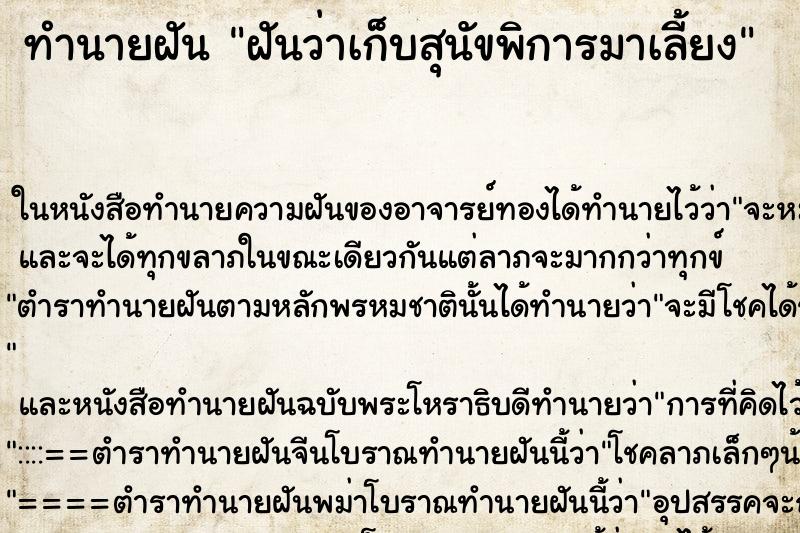 ทำนายฝันทำนายฝันฝันว่าเก็บสุนัขพิการมาเลี้ยง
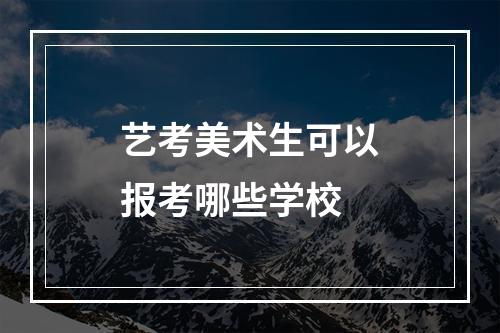 艺考美术生可以报考哪些学校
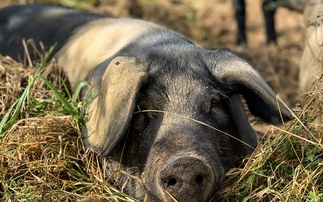 Breed societies play key role in supporting rare breeds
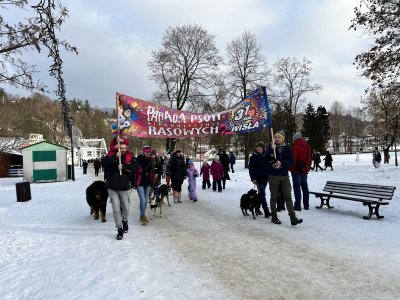 31.Finał WOŚP w Wiśle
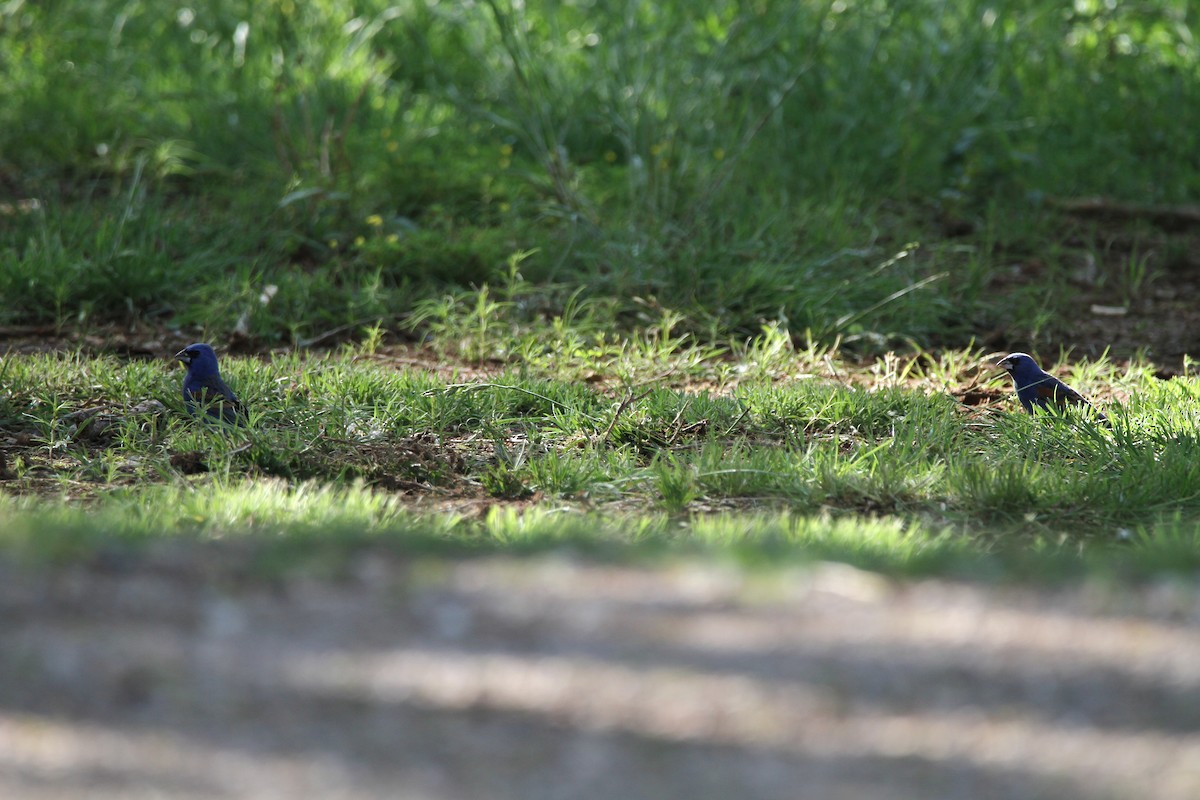 Blue Grosbeak - ML603544281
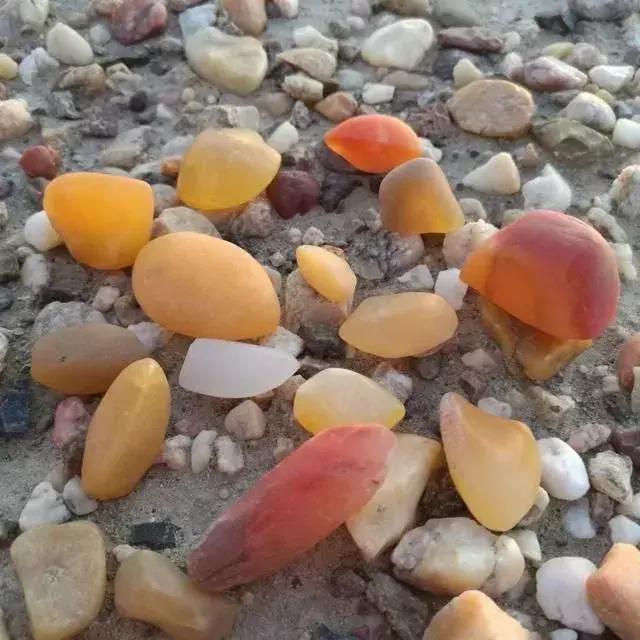 快来围观石英家族,颜值爆表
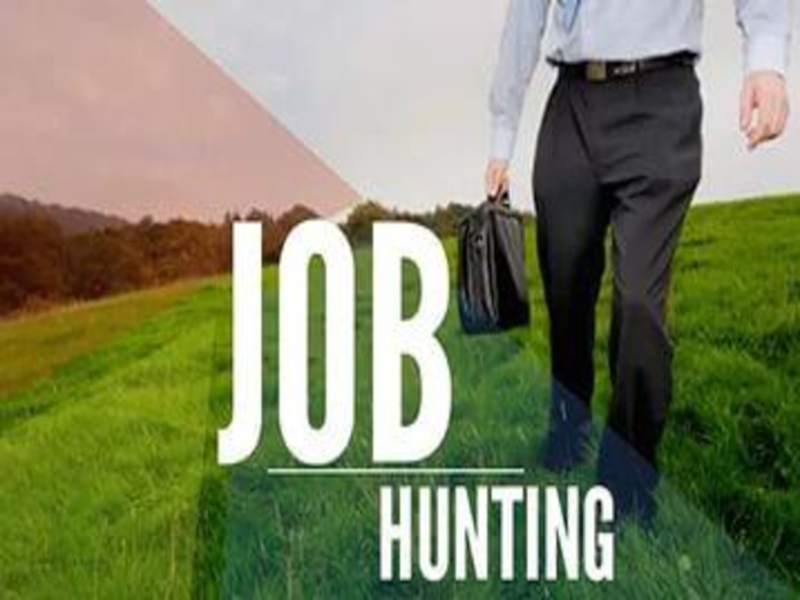 Презентация Презентация по английскому языку на тему Jobhunting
★ ★ ★
» Assignment:
The lines from the one containing "Breed societies play" up to and including the last line of the material above are to be given again exactly; any pictures are dropped.

» Answer for this exercise:
 Breed societies play key role in supporting rare breeds
 31.Finał WOŚP w Wiśle
 Blue Grosbeak - ML603544281
 快来围观石英家族,颜值爆表
 Презентация Презентация по английскому языку на тему Jobhunting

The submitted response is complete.